45,000 YEAR TIME WARP IN ALASKA

After arriving and finally falling asleep in my tent at Toolik lake we work up to a morning filled with anticipation and excitement. Blades swirling, head sets on, we took off for an adventure of a lifetime across the remote tundra in the far North -East of Alaska to what's known as the time warp, a place where you can step back in time 45,000 years ago. After 1 hour across a desolate landscape, we came across a silver mountain rising out of the tundra - a sheer grey ice-cliff rising some 40 metres out of the tundra. It looked like a movie set out of Star Wars, and totally out of context in the rolling hillsides of far north Alaska.

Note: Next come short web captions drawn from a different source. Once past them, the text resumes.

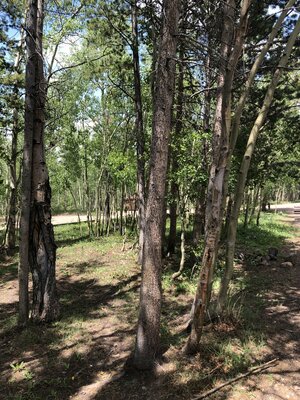 Stateline Campground photo 2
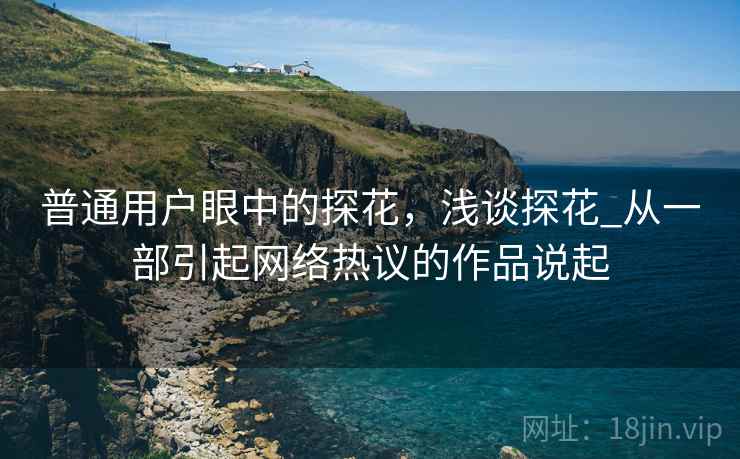 普通用户眼中的探花，浅谈探花_从一部引起网络热议的作品说起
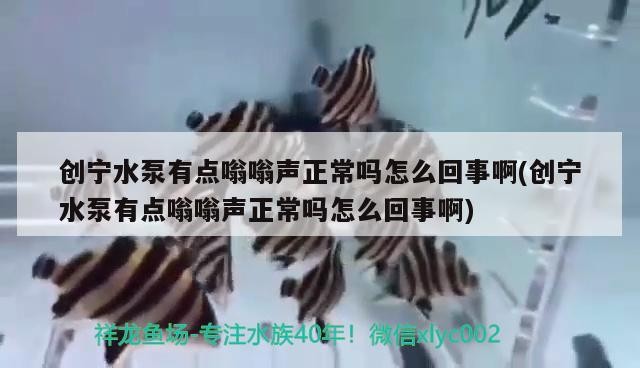 創寧水泵有點嗡嗡聲正常嗎怎么回事啊(創寧水泵有點嗡嗡聲正常嗎怎么回事啊) 創寧水泵有點嗡嗡聲正常嗎怎么回事啊(創寧水泵有點嗡嗡聲正常嗎怎么回事啊) 創寧水族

The cliff face was a Thermocast, or frozen ice cliff  due to climate change and rising temperatures in the Arctic zone which are accelerating at 3-4 times the global average. We set down our helicopters on the adjacent pebble river bed and checked for bears before getting a thumbs up from the pilot that it was good to GO! Out and wow what a site - I was looking at frozen ice from the last inter-glacier period and from the bottom to the top I was looking at 45,000 years of history. To get to the ice face of the cliff we had to hike around the tundra and then navigate our way across the melting Permaforst which was oozing mud like substance equivalent to quick-sand. I stepped in the wrong place and that was it - my gumboots started to sink and I totally freaked as there was no way to get out - but luckily I was in gumboots so I was pulled across the had to leave my gum boots to sink. The mud acts like a suction cap and pulls everything down with it - lucky to have just changed my shoes from lace-ups to boots for the walk in!!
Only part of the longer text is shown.